Biometric authentication systems and methods have been developed due to the weakness of alternative methods such as those discussed above. The advent of low cost fingerprint scanners have made these methods particularly attractive in recent years. However, even these methods have significant drawbacks. For example, stolen biometric data will
compromise the claimant's biometric data for the rest of his or her life. Furthermore, biometric authentication can only be used with organic life forms, and not with other physical entities.
The above limitations pose a challenge for authentication systems. It is desired, therefore, to provide a robust method and system for authentication which does not suffer from the above difficulties, or which at least provides a useful alternative.
Summary of the Invention
In accordance with the present invention there is provided an entity authentication system, including: at least two wireless communications devices in the possession of an entity, at least one of the devices having first partial authentication data and at least one other of the devices having second partial authentication data; and an authentication device for authenticating said entity based on authentication data generated from at least said first and second partial authentication data.
The present invention also provides an entity authentication method, including: transmitting, from at least one wireless communications device in the possession of an entity, partial authentication data; receiving said partial authentication data at another wireless communications device in the possession of said entity having other partial authentication data; and generating authentication data from said partial authentication data and said other partial authentication data.
In accordance with the present invention there is provided an entity authentication method, including the: transmitting, from at least two wireless communications devices of an entity, partial authentication data; receiving said partial authentication data at an authentication device and using said partial authentication data to generate authentication data; and
authenticating said entity on the basis of said authentication data.
The present invention also provides an authentication system having components for executing the steps of any one of the above methods.
Brief Description of the Drawings
Preferred embodiments of the present invention are hereinafter described, by way of example only, with reference to the accompanying drawings, wherein: Figure 1 is a block diagram of a preferred embodiment of a distributed authentication system;
Figures 2 to 6 are schematic diagrams of the steps executed during an authentication session using the distributed authentication system; and
Figure 7 is a block diagram of a micro-fragment of the system.
Detailed Description of Preferred Embodiments of the Invention
A distributed authentication system, as shown in the Figures, comprises a cooperative wireless communications network formed by a number of microelectronic devices 2 to 8 referred to below as micro-fragments and a verification terminal 9 which includes a computing device 12 with a wireless communications transmitter/receiver 10, as shown in Figure 1. The micro-fragments 2 to 8 are possessed by the claimant, and the verification terminal 9 is possessed by the verifier.
The micro-fragments 2 to 8 are small enough to be secreted within items of clothing or jewellery.

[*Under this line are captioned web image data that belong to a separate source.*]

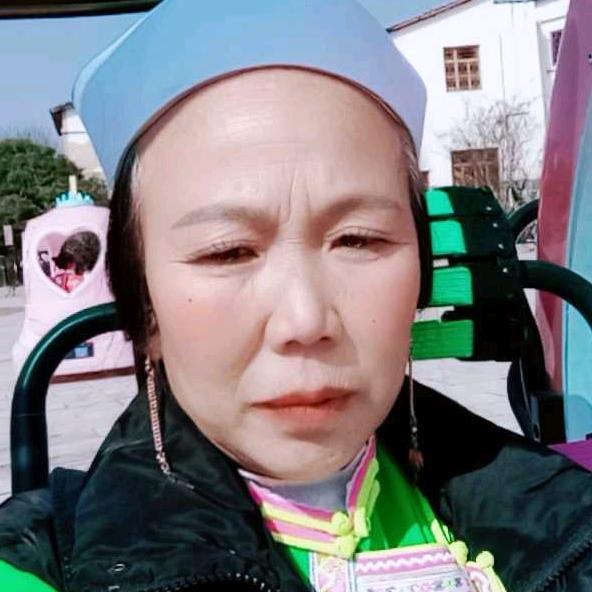 邓大姐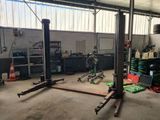 l'image d'un garage contenant de nombreux outils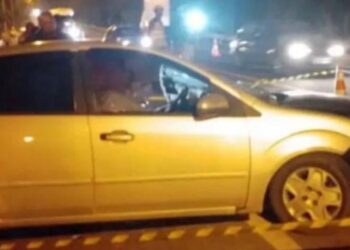 Colisão entre caminhão e carro deixa um morto na BR-101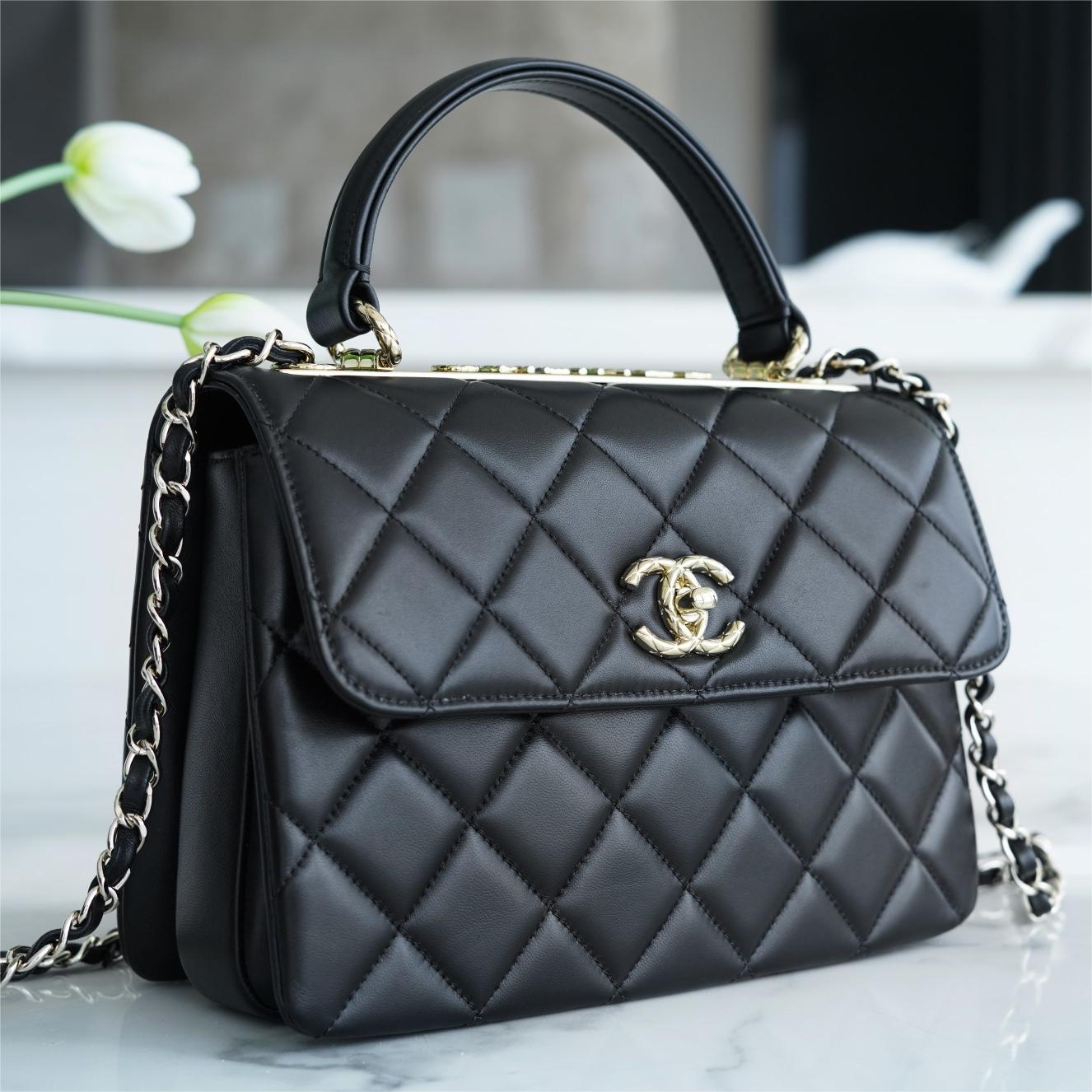 Chanel -24C Trendy CC-17cm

The micro-fragments 2 to 8 each include, as shown in Figure 7, a radio frequency (RF) transmitter 50 and receiver 52, sufficient computing power in a microprocessor 54 to enable data scrambling and unscrambling, and local memory 56 to store security keys and other data. Because the micro-fragments 2 to 8 are located very close to each other (e.g., within a 2 meter diameter) they can communicate by weak RF signals.
The micro-fragments 2 to 8 are attached to different parts of the claimant. For example, if the claimant is a person, they may be attached to the person's finger (in the form of a ring), clothes (in .the form of buttons), glasses (as part of the frames), belt, and wristwatch, as shown in Figure 2. The person may also choose to place one of the micro-fragments in his wallet, and another one in his handbag.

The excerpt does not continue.